Years ago we used to have those gaudy summer associate programs like every other firm in town. It was always fun to see the summer kids try to act like it was perfectly normal for them to be wined and dined while pulling in the weekly equivalent of north of $100K a year with actual job responsibilities that, if put in by a city worker, would have them on the front page of the Sun-Times and on Rahm's "you're outta here" list in about two days.

In an effort to confirm what we already knew — that we were the cool firm — we had this thing called "Dive of the Week" where the summer associate program coordinators (best job ever back then) would pick a genuine dive and take the kids to it for some real city flavor. These second-year law students, with their sophisticated palates, couldn't, after all, be expected to survive on Bice and NoMI or other such places. Genuine dive status, however, is subject to interpretation. I have some rules — if they have tablecloths, not a dive. Menus that come in a leather holder? — nope. A bulletproof turnstile to get your food — pretty much always — and, of course, the ever important hand-written menu on the wall.

There are not too many dives I like better than the amazing BIG & little's Restaurant on North Orleans. If food is BIG and space is little, it should be BIG & tiny's. It seats eight, maybe 10 on wooden, backless bar stools against the one long wall opposite the counter and open kitchen in this rectangular space that isn't bigger than most of your kitchens. The menu, well, there are three actually, each on a blackboard on a wall written in colored chalk. The special menu boasted duck sausage with cranberry goat cheese and truffle oil — get the idea?

One board contained the po' boys, including soft-shell crab, pork belly, squid, shrimp, whitefish and smelt. We opted for steak teriyaki and were very happy with ourselves with that choice. For $12 out comes a basket teeming with fried chunks of tender steak and okra smothered in a tangy — a little bite to it — sauce. The bread was good, but a platform for the mound of meat and okra that were impossible to stop eating.

The main chalkboard is conveniently color coordinated for the indecisive. In electric blue are the fish selections. Tacos and sandwiches — the fried tilapia (also served broiled) was the best I have ever had — including Gladstones in Malibu — big chunks of fresh fish served simply with purple cabbage slaw and a sweet/ spicy sort of remoulade sauce, it was terrific. So was the mahi taco — same slaw and sauce and the generous chunks of mahi mahi were as fresh and meaty as they could be. It really is hard to pick from the 10 other fish choices, but to mix it up we left taco world and tried the crab tostada, which came as a typical flat hard tortilla shell with a ton of sweet crab on top. We were surprised that it was served cold with a sharp vinegar bite, but since it was about 110 degrees in this tiny joint, the cold wasn't such a bad idea.

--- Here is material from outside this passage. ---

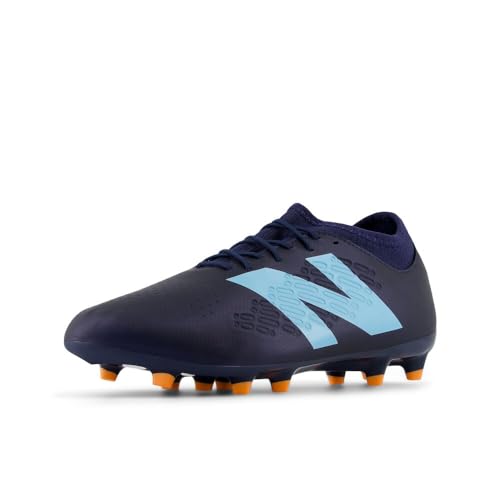 New Balance Unisex Tekela Magique FG V4+ Soccer Shoe, Nb Navy/Team Sky Blue/Hot Mango, 9 US Men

The middle of the main board, in shocking pink, are burgers and such. The burger was good, solid, made better with a fried egg on it. The portobello burger was actually delicious, a big, honest slice of portobello seared and grilled perfectly. Speaking of seared, you gotta like a foie gras and fries. Two medallions of crisp, flavor-burst-in–your-mouth foie gras served over a bed of salty, crunchy fries and you can see why this place was the Cheap Eats Restaurant of the Year and is a Triple D favorite. Feel free to linger on the fries selection. They also come in sweet potato variety, for those of us trying to watch our figures, or better yet, actually much better yet, the perennial favorite truffle variety. This is a big basket of earthy, salty truffle fries that are as good as anywhere. Wash all this good stuff down with an ice cold can of coconut juice and you now experienced a dive worthy of our great city.

Lagniappe:
You have to like a place whose hours are 8:30 a.m. until we run out of doughnuts. Imagine if lawyers' hours were like that, no we don't sell doughnuts, but we do sort of sell words — "Here at Dewey, Cheatum and Howe our hours are from the beginning of the 9 o'clock call until we are out of words to describe how annoyed we are at your honor's shocking inability to make a decision." Wouldn't work, but it does work for The Doughnut Vault, which, almost in Harry Potter Platform 9 ¾ style hides in plain sight in the shadow of the Merchandise Mart at 401 ½ N. Franklin St.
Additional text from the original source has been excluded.